Back in 2017, in Nantes (France), working from a client's warehouse (which was a formely garage), we started a side project : a price monitoring solution for e-Commerce.
We spent around 6 months testing most of the crawling solutions out there. We unsucessfuly tried to scale Scrapy to huge volumes, before realizing that 1) it would be unmaintainable and 2) extremely costly.
So, after 6 month of R&D, comes that moment when you throw everything to the garbage.
To handle the thousands of simultaneous connections required, we used Kafka, ZooKeeper, HBase; we developed our "Work Balancer" to handle the work-load distribution, and our own crawler, super light and blazing fast.
In 2018, we shifted our roadmap from e-Commerce to Data Engineering.

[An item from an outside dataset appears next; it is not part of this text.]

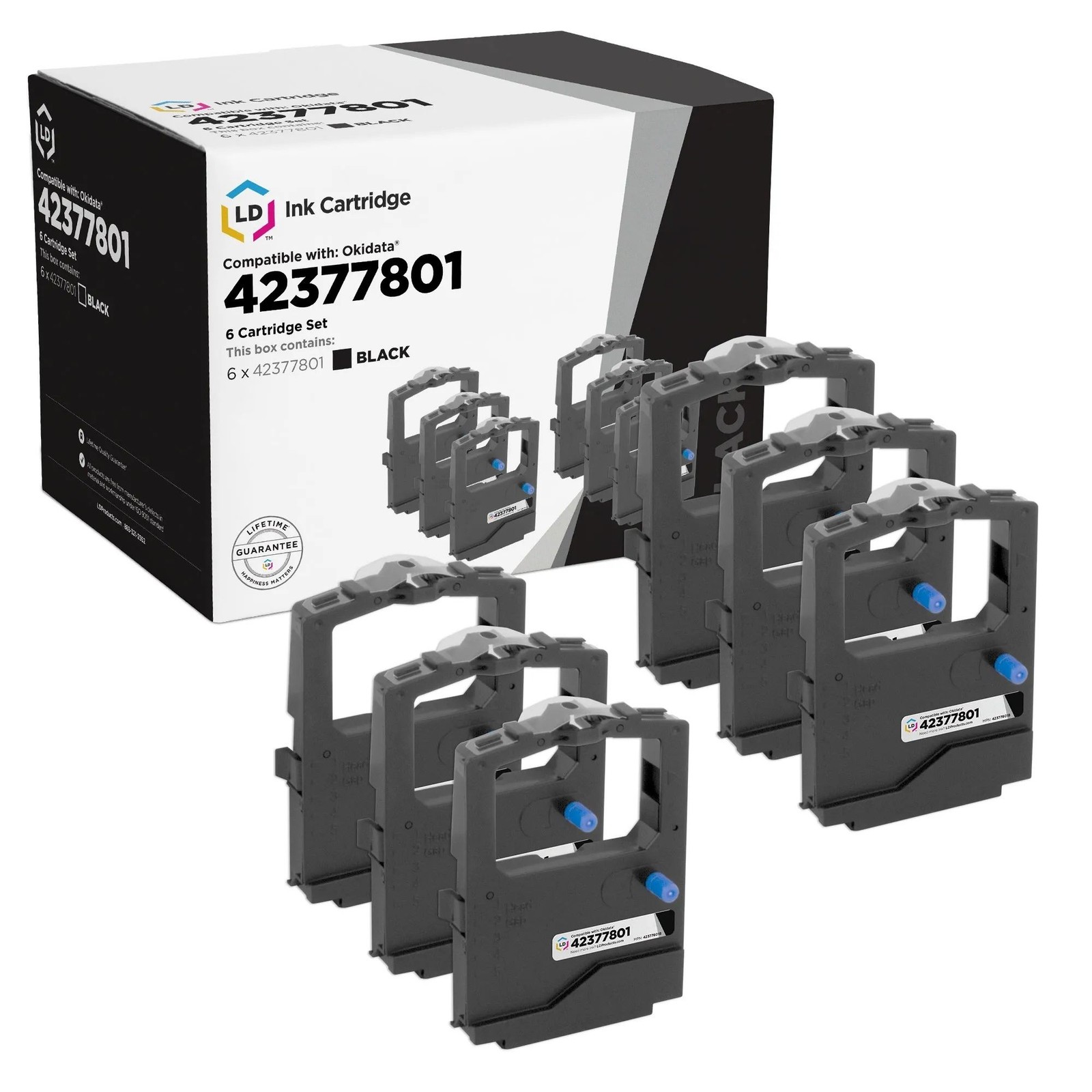 6PK Compatible Okidata 42377801 Black Ribbon Microline 400 420 491 421 421N 490N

Thanks to our WorkBalancer / Crawler combo, we're able to quickly deploy scraping projects that scale and are maintainable. That's when we team up with EP (now part of our board). The french prop-tech startup was looking to create knowledge on top of a global agregation of the real-estate french market.
While keeping in mind to stay "fully customizable", we developed an interface to allow EP's Data Team to setup their own Data Pipes. To handle complex scenarios, we released the Workflows.
In 2020, we extensively used the platform ourselves, acting as a "Data Agency". Huge improvements were made to the Keecode to simplify our Data Templates.
Spoiler alert : nice features could possibly come for the Data Agencies out there.
High school buddies since 2008, they kept working together since then, from their Computer Science MSc to Indie Developers. François is a specialist in parallel computing and is in charge of our infrastructure while Vincent focuses on the product.